The two met and originally bonded over a rather auspicious subject. "We were talking about Lou Reed," Yamada recalls. To which Johnson interjects: "You don't meet many girls that are into Lou Reed, especially girls into nonvintage Lou Reed, like 'Red Joystick' (from 1984's New Sensations)." From there, a musical relationship flowered.

On record, the two are of a like mind. Escape features four six-plus-minute excursions, funneling Johnson's saw-toothed guitars and Yamada's propulsive but bare-bones keyboards through all sorts of Echoplexing, backed by a primitive drum machine chug seemingly stolen from Suicide's 1977 art space. Opener "Motorcycle, I Love You" revs with an incessant tock and Johnson's indecipherable whispers until his guitar combusts around the three-minute mark, spiraling wider over its remaining five minutes while Yamada's organ pumps keep the road in focus. "In the Trees" slows things down just a tad, but burns just as brightly. The title track closer mines Jesus and Mary Chain, but with more flange and another soaring Johnson solo.

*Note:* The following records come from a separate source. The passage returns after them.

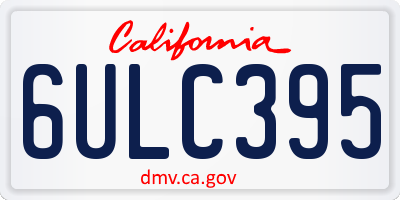 CA license plate 6ULC395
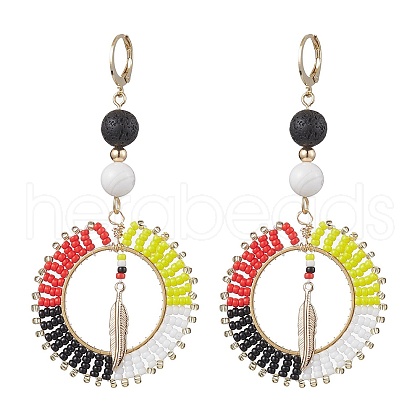 Bohemia Handmade Woven Glass Seed Beads Leverback Earrings EJEW-MZ00149-1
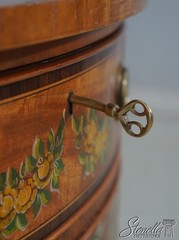 F70335: WELLINGTON HALL Satinwood Adams Painted Demi Lune Cabinet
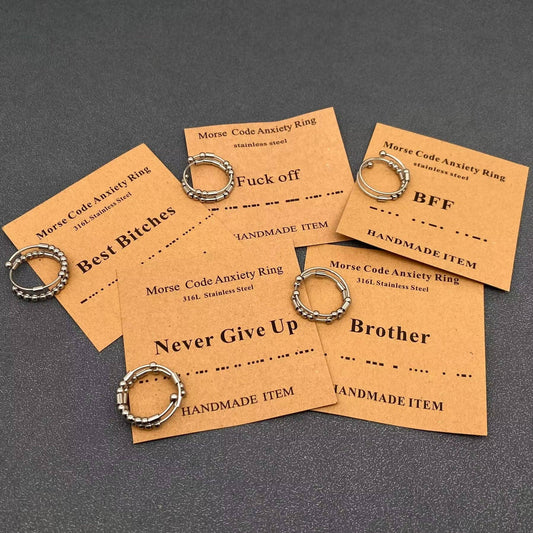 Morse Code "Never Give Up"  Stainless Steel Adjustable Ring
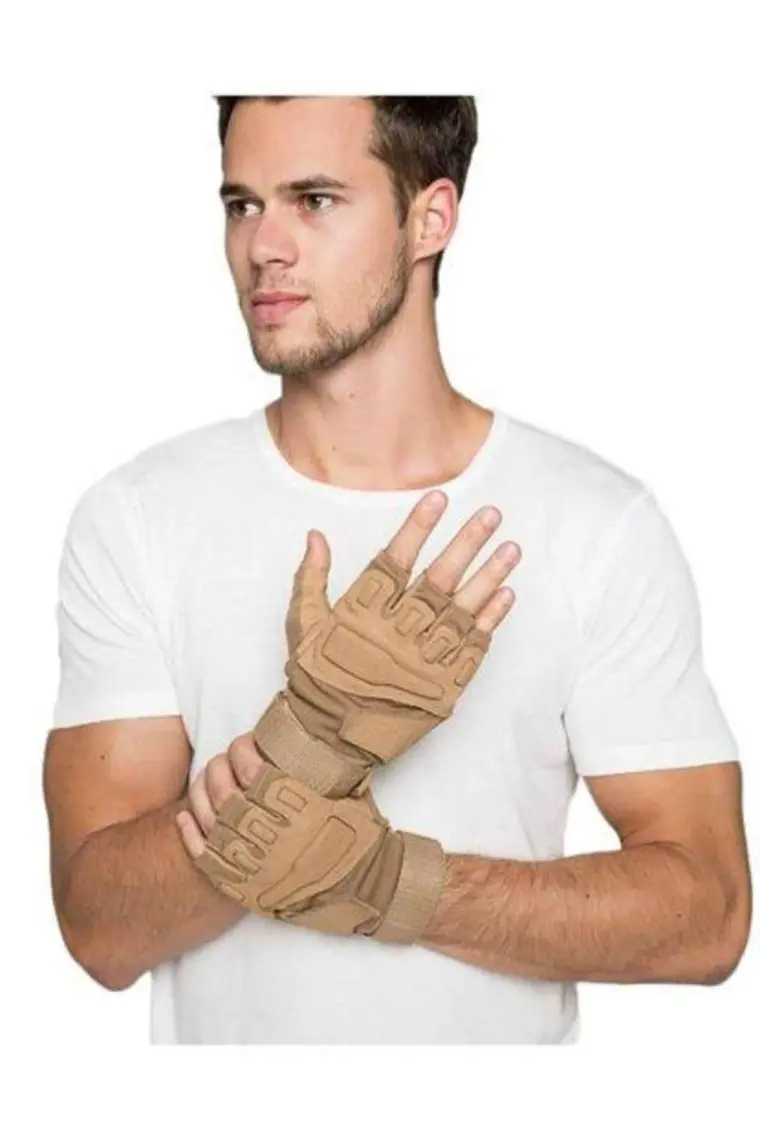 HZTG2006 TF Tactical Yarım Parmak Eldiven Haki M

"The thing with Moon Duo is we like the same music," Johnson says. "The Shjips guys are less like that. Sanae and I did a Spacemen 3 cover, and those guys had never heard of Spacemen 3! And just this morning we covered a reggae song [Errol Dunkley's 1978 roots jam, "A Little Way Different"] for this comp. That's something the Shjips would never do." Yamada adds, "We're music obsessives. We're just more attuned with new music stuff that we like together."

Sure enough, perusing the new arrivals at Aquarius Records after breakfast, the two grab at all sorts of titles. They pick up Brazilian fuzz-guitar comps and weird electronic sci-fi soundtracks before settling on a gnarly Zambian psych-rock reissue, a Sic Alps/Magik Markers split 12-inch, and thunder-throated reggae toaster Prince Far I's 1980 dub album, Cry Tuff the Dub Encounter III. Records in hand, the two then set off, no doubt to enjoy new musical vistas together.